In ‘Conversations in the Park’, park goers are invited to sit down with Tony and create a cyanotype. While the cyanotype is baking in the sun to produce an image, Tony asks questions about their relationship to technology and how it has affected their connections with others.

Each MFA student maintains a strong studio practice working in areas that include photography, sculpture, installation, painting, and drawing. They have access to all of the facilities in the Dana G. Hoyt art building, completed in Fall 2019. The majority of the students I spent time with were cross-disciplinary and included design as part of their overall process.

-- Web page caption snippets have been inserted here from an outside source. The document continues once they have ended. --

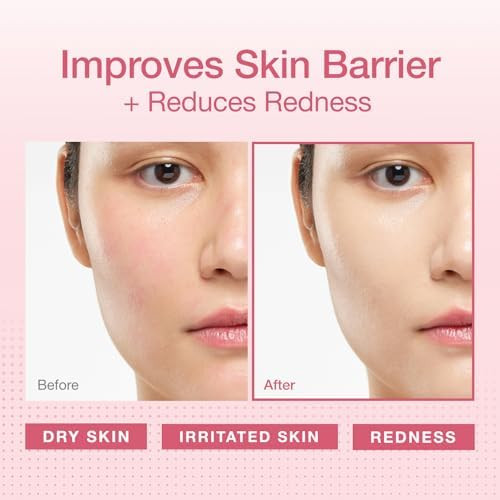 PHYSIOGEL Calming Relief Redness Relieving Facial Cream Soothing Face Moisturizer With Squalane For Dry Irritated & Redness-Prone Skin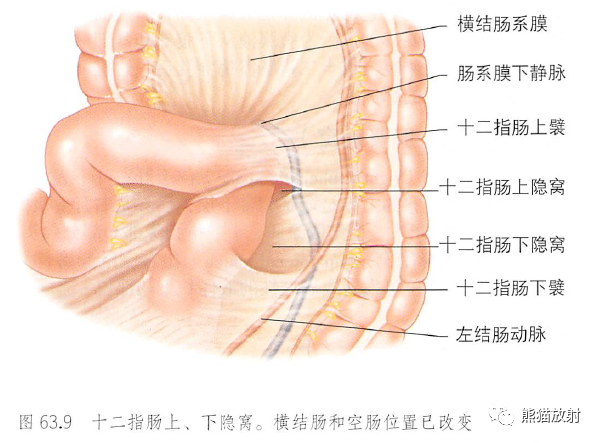 腹膜和腹膜腔解剖图谱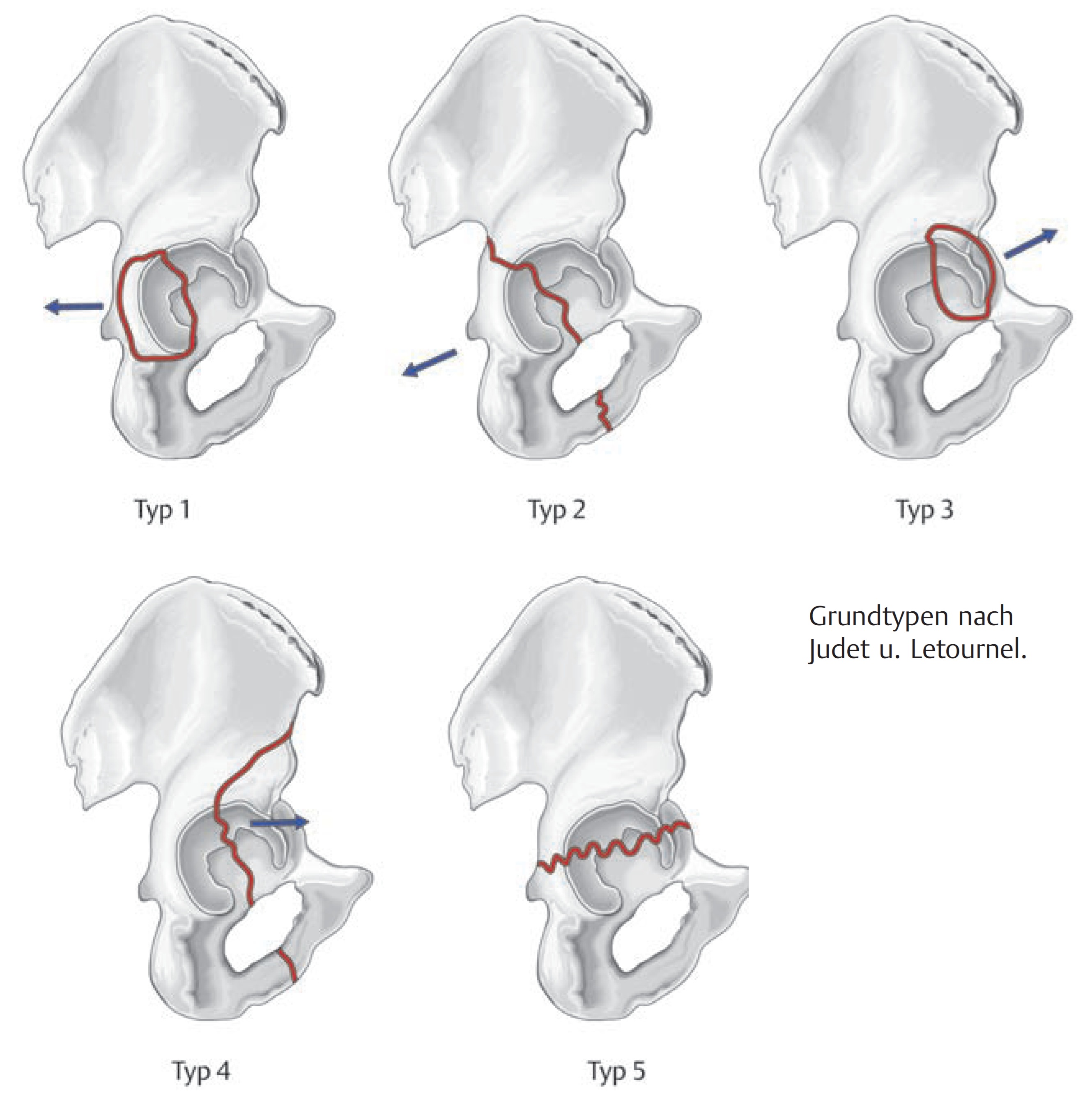 becken_acetabulum_letournel-judet-2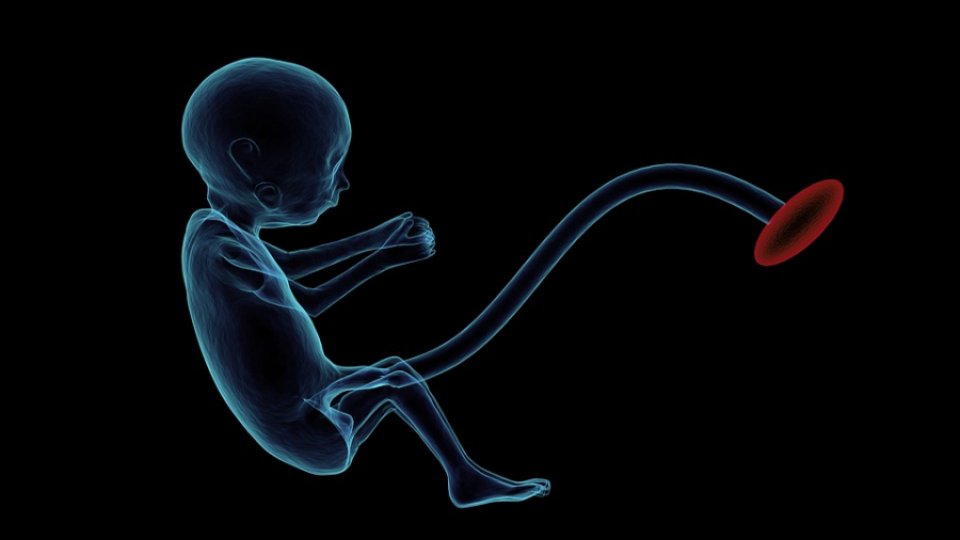 Noul test ADN pentru trisomia 21 ar putea înlocui actuala formă de screening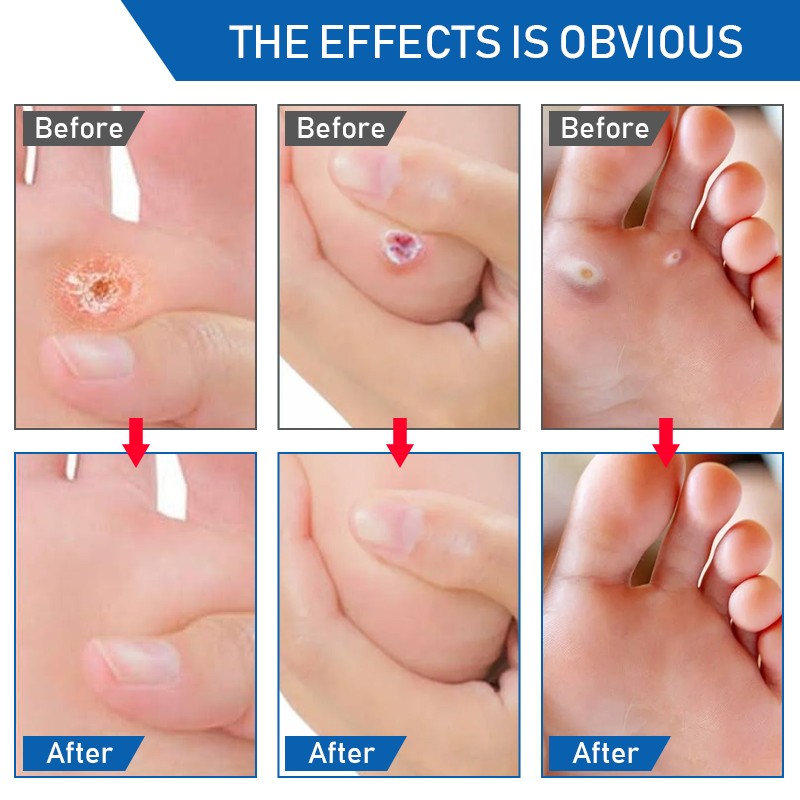 Corn Treatment Pad Manufacturer - Remove Surplus Salicylic Acid Lessen Friction Corn Treatment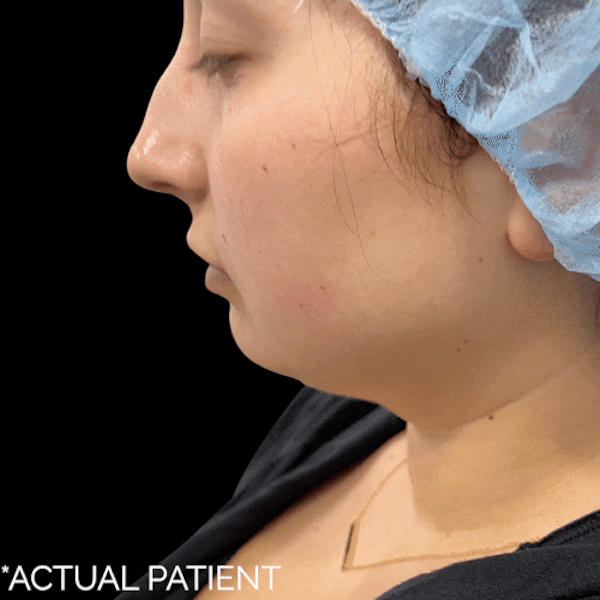 Gifs Before & After Gallery - Patient 336552 - Image 1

Additionally, MFA Program Coordinator  Jody Wood works to identify professional opportunities for the students. SHSU’s MFA students collaborated with Masters students in strategic design at the New School in New York City. Students at the New School were participating in Michele Kahane’s CareLab, a research and innovation lab focused on building new practices and models of care and mutual aid in communities, organizations and cities.  SHSU students visited New York City with Wood and showcased their work alongside the CareLab projects in spring of 2024. Four MFA students also presented with Jody at the Practice and Research Virtual Symposium hosted by Shetland College (UHI) in Shetland, UK in spring of 2024.

MFA students complete seminars with several faculty within the art department. Associate Professor Emily Peacock is a contributing faculty to the MFA program and the photography program at SHSU. She says, “Overall, the program offers an incredible balance of academic rigor, hands-on experience, and opportunities to engage with the local community and the broader world of art and social practice.” Associate Dean Michael Henderson maintains a strong relationship with the program meeting with students and serving on thesis committees. He says he hopes to see more funding for graduate assistantships and developing travel and study abroad opportunities for students in the program. Huntsville, Texas is an intriguing and provocative place to make art, especially by employing a studio practice where artists engage the public through tactical media and creative interventions. Art and Social Practice students are successfully bringing together aesthetics and cross-disciplinary skills that promote community care. Studio art and art history faculty are committed to creating an environment where challenging discourse and community resources support artists in a reimagining of their surroundings.